A loophole in the CFPB’s proposed debt collection rules could allow the agency to take action against credit unions even though the rules were not intended for those institutions, trade groups recently warned.
The CFPB has said the controversial debt collection rules are intended for third-party debt collectors.
However, trade groups are warning that a section of the rule would allow the CFPB to sanction any debt collector under the agency’s Unfair, Deceptive or Abusive Acts or Practices.
“Credit unions are not the type of debt collector the [law] intended to limit or prohibit from making contact with consumers,” NAFCU Regulatory Affairs Counsel Kaley Schafer wrote in a letter to the agency.

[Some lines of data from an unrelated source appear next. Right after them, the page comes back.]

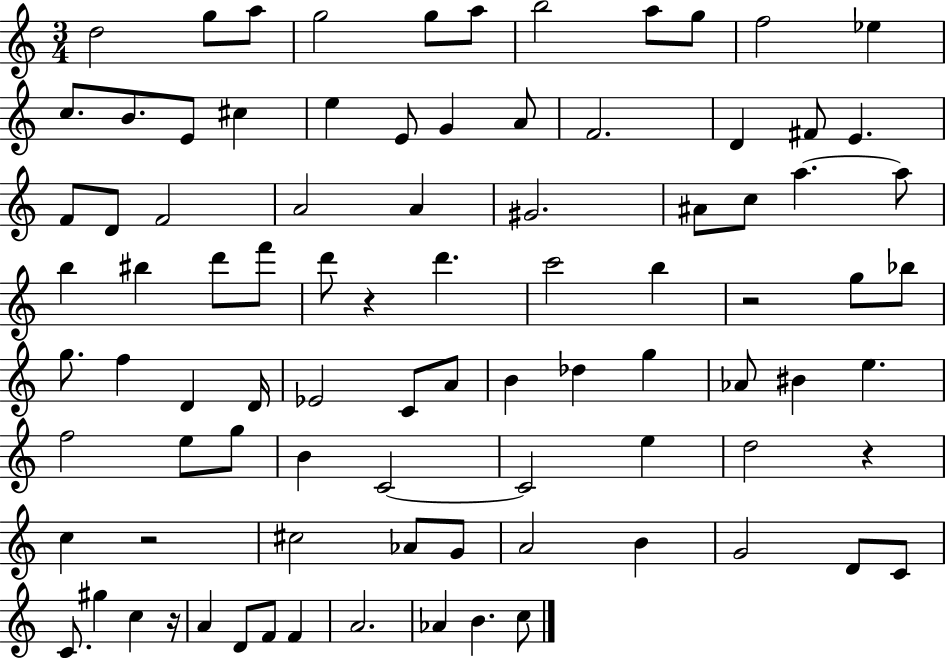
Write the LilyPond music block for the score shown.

{
  \clef treble
  \numericTimeSignature
  \time 3/4
  \key c \major
  d''2 g''8 a''8 | g''2 g''8 a''8 | b''2 a''8 g''8 | f''2 ees''4 | \break c''8. b'8. e'8 cis''4 | e''4 e'8 g'4 a'8 | f'2. | d'4 fis'8 e'4. | \break f'8 d'8 f'2 | a'2 a'4 | gis'2. | ais'8 c''8 a''4.~~ a''8 | \break b''4 bis''4 d'''8 f'''8 | d'''8 r4 d'''4. | c'''2 b''4 | r2 g''8 bes''8 | \break g''8. f''4 d'4 d'16 | ees'2 c'8 a'8 | b'4 des''4 g''4 | aes'8 bis'4 e''4. | \break f''2 e''8 g''8 | b'4 c'2~~ | c'2 e''4 | d''2 r4 | \break c''4 r2 | cis''2 aes'8 g'8 | a'2 b'4 | g'2 d'8 c'8 | \break c'8. gis''4 c''4 r16 | a'4 d'8 f'8 f'4 | a'2. | aes'4 b'4. c''8 | \break \bar "|."
}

After years of research, the CFPB on May 7 released a 538-page proposed rule implementing the Fair Debt Collection Practices Act. The proposal specifies rules for third-party debt collectors covered under that law. Among other things, the rule addresses technological advances that have taken place since the law was enacted in 1977.
The proposal would limit the number of telephone calls from third-party debt collectors to a borrower to no more than seven per week.
Consumer groups have blasted that section of the rule, saying it could lead to harassment of consumers who have more than one debt. Some 232 groups, including the AFL-CIO, the Center for Responsible Lending, the Consumer Federation of America and the NAACP filed a letter with the bureau opposing the proposed rule.
In a comment letter to the CFPB, Alexander Monterrubio, CUNA’s senior director of advocacy and counsel, said the rule was intended for third-party debt collectors, not for credit unions.
He urged the agency to “carefully consider the broad impact its rule will have on consumers and the operations of third-party collectors and seek to limit disruption to this critical function.”
Monterrubio questioned whether the proposed seven telephone calls per week limit was grounded in any empirical data and urged the bureau to conduct research if it plans to adopt that limit.
Schafer wrote that credit unions should be exempt from any first-party debt collection rules the agency may adopt.
“Credit unions are not the nefarious, bad actors that the Bureau intends to target with this rulemaking,” she wrote.
The consumer groups opposing the plan were blunt in their criticism.
“The rule as proposed does far more to protect abusive debt collectors than consumers,” they wrote, saying that the plan opens consumers to harassment, abuse and invasions of their privacy.
The rule should be changed to limit collectors to three attempted telephone calls a week and one conversation for each consumer, they wrote.
The rule also could be read to allow collectors to contact third parties, such as employers, neighbors, families and friends, they said, adding that loophole should be changed before a final rule is issued.
The rule also does not impose specific limits on the number of texts, emails or direct messages a debt collector may attempt, they said.